Bei den Direktverfahren lässt sich nochmals eine Unterscheidung zwischen der Einmaschinen- und der Zweimaschinentechnologie treffen. Bei der Zweimaschinentechnologie werden zur Herstellung der Formmasse zwei in Reihe geschaltete Extruder eingesetzt. Der erste übernimmt die Compoundierung des Polymers, während der zweite Extruder für die Einarbeitung der Fasern (Einziehen, Imprägnieren, Konsolidieren) in die Schmelze verantwortlich ist. Hier können die beiden Prozesse optimal (besser als bei der Einmaschinentechnologie) auf ihre jeweilige Aufgabe abgestimmt werden. Damit ist eine flexiblere Prozessführung möglich. Bei den Direktverfahren ist es darüber hinaus möglich, entstehende Abfälle wieder zu verwerten (In-House-Recycling). Mit einem zusätzlichen Rezyklatextruder gelingt dies sogar unter Erhaltung der Faserlänge.

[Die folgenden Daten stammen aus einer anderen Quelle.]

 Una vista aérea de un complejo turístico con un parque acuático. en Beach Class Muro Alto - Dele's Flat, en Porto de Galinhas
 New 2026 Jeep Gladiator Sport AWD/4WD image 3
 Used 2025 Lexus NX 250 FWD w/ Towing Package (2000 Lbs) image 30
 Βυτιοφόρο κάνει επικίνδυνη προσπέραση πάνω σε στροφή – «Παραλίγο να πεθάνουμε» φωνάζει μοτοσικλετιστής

Bei der Einmaschinentechnologie müssen die genannten Schritte allesamt auf einer Maschine stattfinden. Es besteht damit also die Notwendigkeit Polymercompounds einzusetzen, die für beide Arbeitsschritte und die Gebrauchsphase stabilisiert werden müssen. Um Prozessstabilität zu gewährleisten ist bei nur einem Extruder deshalb ein Kompromiss zwischen optimaler Einarbeitung der Fasern und optimaler Compoundierung zu finden.
Die Halbzeuge oder das im Direktverfahren hergestellte Extrudat werden entweder durch Pressen oder durch Spritzgießen verarbeitet. Grundsätzlich sind für alle Produkte beide Verarbeitungsverfahren einsetzbar, wobei sich unterschiedliche Vor- und Nachteile ergeben. So liegen die Vorteile des Pressverfahrens in einer kürzeren Zykluszeit, größeren Faserlängen und damit verbesserten mechanischen Eigenschaften. Ein großer Nachteil ist, dass beim Pressen immer ein Pressgrat entsteht und dadurch auch immer eine Nachbearbeitung notwendig ist. Vorteile des Spritzgießens sind, dass Einlegeteile direkt beim Spritzgießen eingearbeitet werden können, sich eine bessere Oberflächenqualität realisieren lässt und dass für das Produkt eine höhere Designfreiheit (komplexere Kavität im Gegensatz zum Pressen, bei dem hauptsächlich flächige Bauteile Anwendung finden) besteht. Nachteilig ist, dass eine längere Zykluszeit und schlechtere mechanische Eigenschaften als beim Pressen in Kauf genommen werden müssen.